En todo caso, existe el dilema del migrante: integrarse definitivamente y asumir una nueva nacionalidad, o mantenerse en las tradiciones, en la gastronomía, incluso en la conexión con iniciativas políticas en vistas a un posible retorno, más allá de aquellos que suspiran por una visita al país en plan, ya, de turistas. Esto no es original. El mismo dilema se le planteó hasta a los judíos en sus milenios de diáspora. También, por un momento, fue el dilema de los movimientos militantes negros en EEUU, o los "latinos", y hoy a los hijos y nietos de migrantes africanos en Francia que han salido a las calles con una violencia inusitada, que indica una exclusión social indignante, más que una vuelta de los bárbaros como sugirió Pérez Reverte, aludiendo a la caída del Imperio Romano por la invasión de las tribus de la periferia de Roma.

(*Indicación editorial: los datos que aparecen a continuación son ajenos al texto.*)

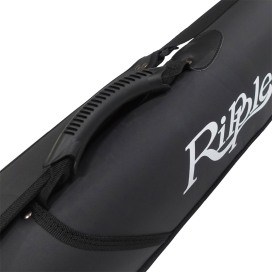Alternative view of Ripple Fisher Land Base Fishing Rod Bag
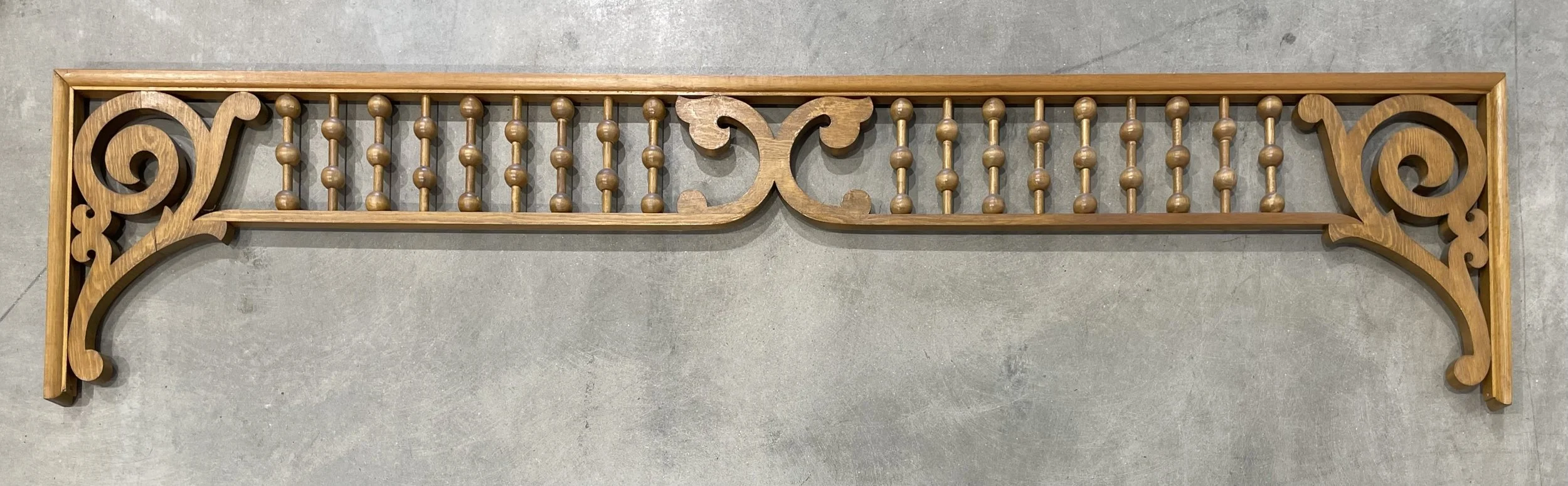 Photo Mar 14 2026, 3 06 05 PM.jpg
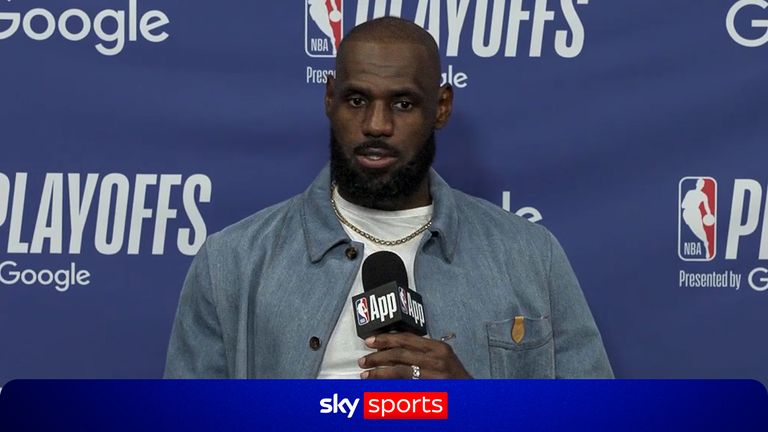 nba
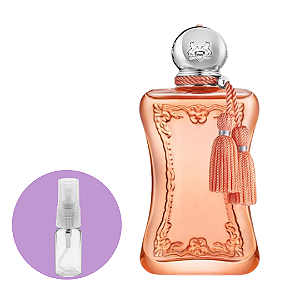 LANÇAMENTO: Fracionado Athénaïs Parfums de Marly Eau de Parfum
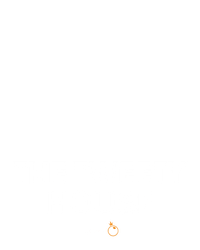 The Tweety House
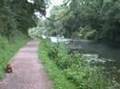 Jul 06 2008 - VID00007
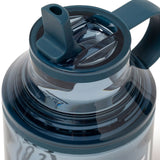 PCT. KINTO 600ml WATER BOTTLE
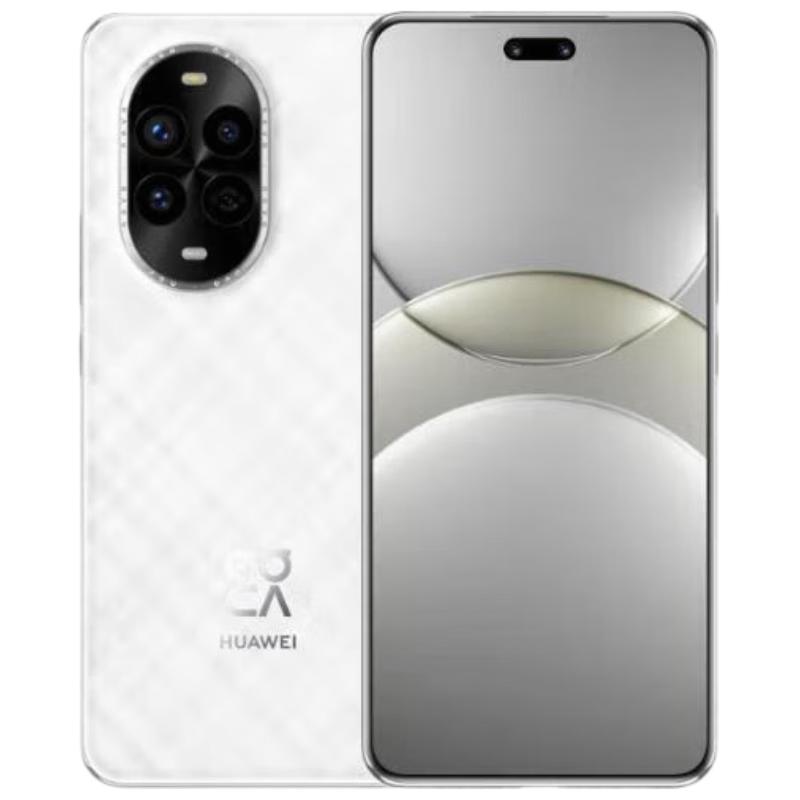 Huawei nova 13 Pro Smartphone (CN version)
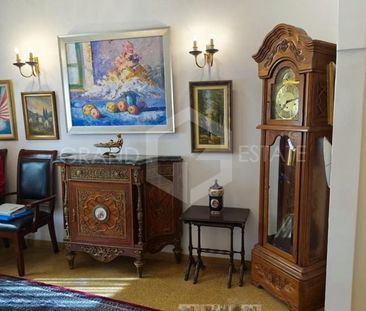 Studio / γκαρσονιέρα 69 τ.μ. προς ενοικίαση - Photo 1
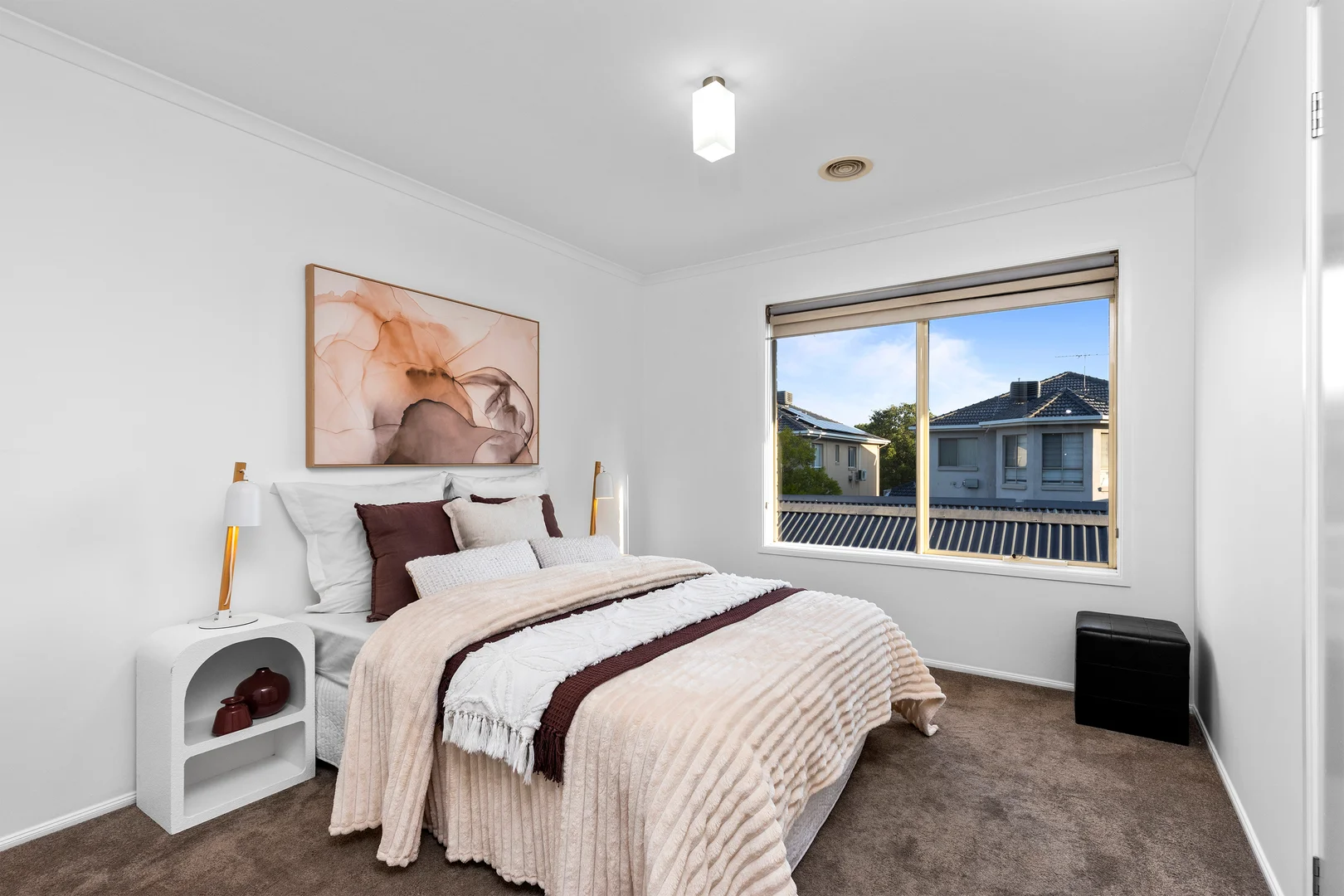 Additional image 9 of 2 Muriel Reidy St, Maribyrnong VIC 3032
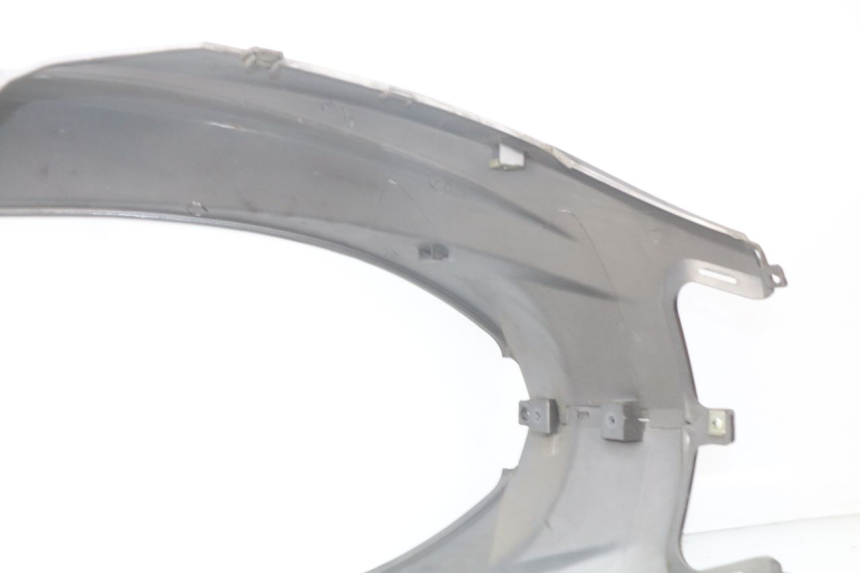 photo de Carena posteriore PEUGEOT TWEET ACTIVE 4T 50 (2018 - 2022) - Zoom qualità usato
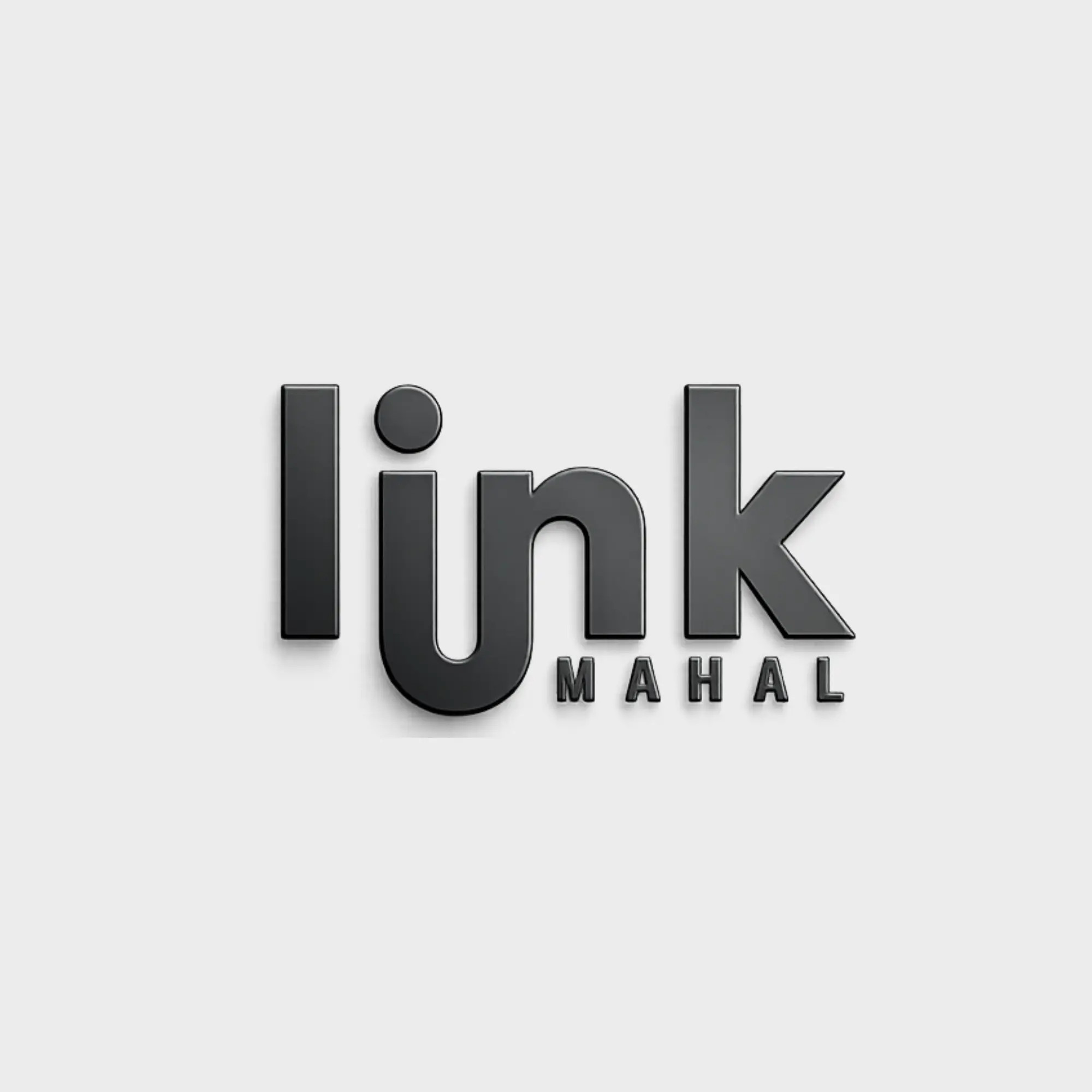 Link Mahal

Lo cierto es que cobra fuerza la hipótesis de que, en cosa de dos generaciones, gran parte de los millones de venezolanos que se fueron, ya no lo serán más. De que el país habrá perdido un importante capital humano y de que la identidad se va perdiendo si no hay voluntad de mantener las mejores tradiciones, que no se reducen al Dios Bolívar y la música de arpa, cuatro y maracas. Por eso hay que seguir en la brega por cambiar de gobierno. En ello se juega la existencia misma de la nación. Por eso, también, cualquier posición alternativa al desastre actual debe plantearse la cuestión de la reconstrucción de la nacionalidad misma sobre otras bases simbólicas, una reinterpretación de nuestra historia y de nuestra cultura. Se trata de un problema existencial.